Segment Start: Data for review

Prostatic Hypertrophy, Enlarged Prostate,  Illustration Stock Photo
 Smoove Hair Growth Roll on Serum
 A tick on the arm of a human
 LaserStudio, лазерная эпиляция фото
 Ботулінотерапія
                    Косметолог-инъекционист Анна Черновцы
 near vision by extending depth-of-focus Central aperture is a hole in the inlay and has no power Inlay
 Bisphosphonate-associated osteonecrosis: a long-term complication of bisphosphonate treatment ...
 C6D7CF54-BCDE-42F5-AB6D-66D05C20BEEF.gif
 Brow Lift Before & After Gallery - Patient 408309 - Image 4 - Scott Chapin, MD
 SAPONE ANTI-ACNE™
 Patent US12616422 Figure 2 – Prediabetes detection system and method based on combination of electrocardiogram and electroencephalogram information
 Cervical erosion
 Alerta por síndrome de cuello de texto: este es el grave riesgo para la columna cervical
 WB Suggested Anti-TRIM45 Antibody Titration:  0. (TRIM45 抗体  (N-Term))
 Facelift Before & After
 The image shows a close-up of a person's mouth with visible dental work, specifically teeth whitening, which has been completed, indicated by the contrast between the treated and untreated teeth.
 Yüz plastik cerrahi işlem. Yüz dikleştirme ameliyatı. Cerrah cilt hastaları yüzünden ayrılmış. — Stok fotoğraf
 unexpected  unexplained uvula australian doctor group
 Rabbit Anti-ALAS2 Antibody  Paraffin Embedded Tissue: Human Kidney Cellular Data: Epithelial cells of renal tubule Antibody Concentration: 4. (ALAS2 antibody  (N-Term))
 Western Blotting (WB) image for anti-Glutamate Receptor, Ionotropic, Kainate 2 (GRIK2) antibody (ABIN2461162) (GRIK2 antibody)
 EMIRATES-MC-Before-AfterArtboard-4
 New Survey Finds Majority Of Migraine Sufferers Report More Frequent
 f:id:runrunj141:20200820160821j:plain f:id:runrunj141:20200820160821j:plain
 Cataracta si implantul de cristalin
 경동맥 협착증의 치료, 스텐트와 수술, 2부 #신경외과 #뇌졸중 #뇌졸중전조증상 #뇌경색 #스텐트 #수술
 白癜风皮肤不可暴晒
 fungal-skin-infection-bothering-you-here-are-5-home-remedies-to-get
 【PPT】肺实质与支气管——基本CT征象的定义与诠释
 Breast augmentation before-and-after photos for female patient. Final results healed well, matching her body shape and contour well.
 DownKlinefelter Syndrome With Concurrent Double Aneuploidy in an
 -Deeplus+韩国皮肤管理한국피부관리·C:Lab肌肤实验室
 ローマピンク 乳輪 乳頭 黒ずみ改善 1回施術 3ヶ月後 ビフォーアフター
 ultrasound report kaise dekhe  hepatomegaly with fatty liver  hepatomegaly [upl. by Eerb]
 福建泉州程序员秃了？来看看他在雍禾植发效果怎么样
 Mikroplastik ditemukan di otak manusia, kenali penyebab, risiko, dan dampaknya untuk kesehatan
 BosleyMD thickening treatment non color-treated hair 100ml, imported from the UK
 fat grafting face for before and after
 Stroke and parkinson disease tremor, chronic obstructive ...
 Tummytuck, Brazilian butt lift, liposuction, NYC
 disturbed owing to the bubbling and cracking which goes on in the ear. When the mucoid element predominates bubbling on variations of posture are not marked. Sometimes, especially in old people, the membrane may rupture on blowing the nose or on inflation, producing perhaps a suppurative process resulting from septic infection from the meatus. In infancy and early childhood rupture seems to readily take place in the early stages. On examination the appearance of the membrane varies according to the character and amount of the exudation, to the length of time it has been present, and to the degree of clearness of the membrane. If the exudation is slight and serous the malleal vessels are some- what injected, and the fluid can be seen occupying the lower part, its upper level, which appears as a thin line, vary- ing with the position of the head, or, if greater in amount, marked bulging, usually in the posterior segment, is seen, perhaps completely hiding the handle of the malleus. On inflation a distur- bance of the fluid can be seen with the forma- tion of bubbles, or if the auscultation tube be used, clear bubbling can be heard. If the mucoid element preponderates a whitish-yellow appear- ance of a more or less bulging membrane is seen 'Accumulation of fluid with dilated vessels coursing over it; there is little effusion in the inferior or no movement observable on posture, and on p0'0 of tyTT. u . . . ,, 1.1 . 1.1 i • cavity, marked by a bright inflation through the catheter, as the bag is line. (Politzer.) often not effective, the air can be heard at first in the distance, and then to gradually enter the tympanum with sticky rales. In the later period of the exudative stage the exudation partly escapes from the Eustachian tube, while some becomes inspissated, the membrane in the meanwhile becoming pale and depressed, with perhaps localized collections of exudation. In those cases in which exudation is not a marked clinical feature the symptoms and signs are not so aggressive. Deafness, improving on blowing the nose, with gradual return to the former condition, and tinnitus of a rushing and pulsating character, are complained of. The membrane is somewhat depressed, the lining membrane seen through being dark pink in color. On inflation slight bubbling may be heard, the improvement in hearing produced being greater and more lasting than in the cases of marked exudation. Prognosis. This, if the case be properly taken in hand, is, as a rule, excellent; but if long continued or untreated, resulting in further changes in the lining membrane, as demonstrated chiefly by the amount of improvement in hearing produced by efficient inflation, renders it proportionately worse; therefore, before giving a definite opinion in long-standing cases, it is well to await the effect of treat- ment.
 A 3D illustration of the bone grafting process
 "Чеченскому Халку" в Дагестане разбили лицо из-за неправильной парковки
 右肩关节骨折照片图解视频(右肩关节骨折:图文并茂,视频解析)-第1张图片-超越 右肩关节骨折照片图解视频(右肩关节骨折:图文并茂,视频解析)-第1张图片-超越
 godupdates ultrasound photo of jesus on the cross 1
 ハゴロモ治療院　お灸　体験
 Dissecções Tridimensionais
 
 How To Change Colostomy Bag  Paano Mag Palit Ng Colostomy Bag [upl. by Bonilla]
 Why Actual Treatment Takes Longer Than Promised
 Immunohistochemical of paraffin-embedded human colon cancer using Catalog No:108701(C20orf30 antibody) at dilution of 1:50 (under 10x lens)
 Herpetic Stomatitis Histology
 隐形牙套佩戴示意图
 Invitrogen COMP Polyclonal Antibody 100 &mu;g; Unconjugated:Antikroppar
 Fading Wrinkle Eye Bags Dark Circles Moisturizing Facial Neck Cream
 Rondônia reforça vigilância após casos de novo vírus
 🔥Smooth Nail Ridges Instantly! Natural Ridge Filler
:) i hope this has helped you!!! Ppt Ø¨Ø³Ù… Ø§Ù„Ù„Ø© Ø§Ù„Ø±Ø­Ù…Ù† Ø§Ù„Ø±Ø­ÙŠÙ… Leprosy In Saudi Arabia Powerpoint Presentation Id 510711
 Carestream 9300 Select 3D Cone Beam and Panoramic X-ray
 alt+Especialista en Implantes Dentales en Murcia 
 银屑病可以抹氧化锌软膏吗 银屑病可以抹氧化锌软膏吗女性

Segment End: Data for review

**What you have to do**. Copy out the range of lines above starting at the line with "Breast augmentation before-and-after" and ending at the line with "Tummytuck, Brazilian butt", exactly and including both.

**Worked solution**.
 Breast augmentation before-and-after photos for female patient. Final results healed well, matching her body shape and contour well.
 DownKlinefelter Syndrome With Concurrent Double Aneuploidy in an
 -Deeplus+韩国皮肤管理한국피부관리·C:Lab肌肤实验室
 ローマピンク 乳輪 乳頭 黒ずみ改善 1回施術 3ヶ月後 ビフォーアフター
 ultrasound report kaise dekhe  hepatomegaly with fatty liver  hepatomegaly [upl. by Eerb]
 福建泉州程序员秃了？来看看他在雍禾植发效果怎么样
 Mikroplastik ditemukan di otak manusia, kenali penyebab, risiko, dan dampaknya untuk kesehatan
 BosleyMD thickening treatment non color-treated hair 100ml, imported from the UK
 fat grafting face for before and after
 Stroke and parkinson disease tremor, chronic obstructive ...
 Tummytuck, Brazilian butt lift, liposuction, NYC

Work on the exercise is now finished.